Paging Dr. Watson . . .

Watson, the IBM supercomputer, generated world interest in 2011 when it competed on Jeopardy against former champions of the famous TV game show and won the first prize reward of $1 million.  With access to 200 million pages of structured and unstructured content consuming four terabytes of disk storage, Watson performed without having access to the Internet.  Ever since IBM’s Big Blue beat Gary Kasparov in 1997 IBM has doubled down on its passion for developing technology that seeks to mirror the capabilities of the human mind.

Now that passion is taking Watson into the hospital and physician office. A February 11, 2013 article in Wired Magazine UK, IBM’s Watson is better at diagnosing cancer than human doctors, describes how IBM is partnering with Memorial Sloan Kettering Cancer Center in New York and Wellpoint to make Watson available (i.e., for a fee) to any hospital or clinic seeking its input on oncology cases, including proposed treatment protocols that seek to minimize cost.

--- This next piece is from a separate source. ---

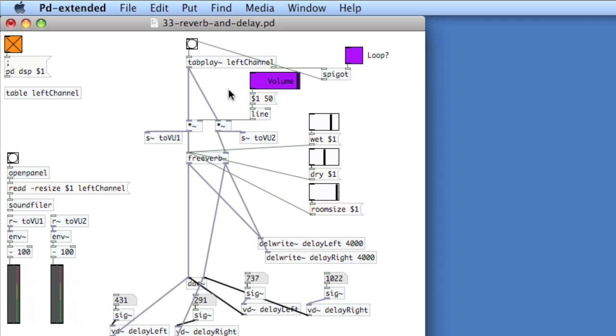So there you have a rather simple approach to incorporating reverb into your patches and delay. And you can get into more fine-tuned adjustment in creating multi-tap delays or creating some sort of delay that has a feedback element, which is really common in delay units. But the simple act of creating the delay doesn't involve too much coding and neither does the reverb.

The big advantage Watson has over human doctors is its ability to absorb and analyze enormous quantities of data – and then make that knowledgebase more accessible and more affordable.  As example, according to Sloan-Kettering, only 20% of the knowledge doctors use in diagnosing patients relies on trial-based evidence.  But it would take at least 160 hours of reading a week to keep pace with all of the medical knowledge being published – and that doesn’t include the time it takes to determine how to apply that knowledge in practice. Watson’s successful diagnosis rate for lung cancer is 90 percent, compared to 50 percent for human doctors.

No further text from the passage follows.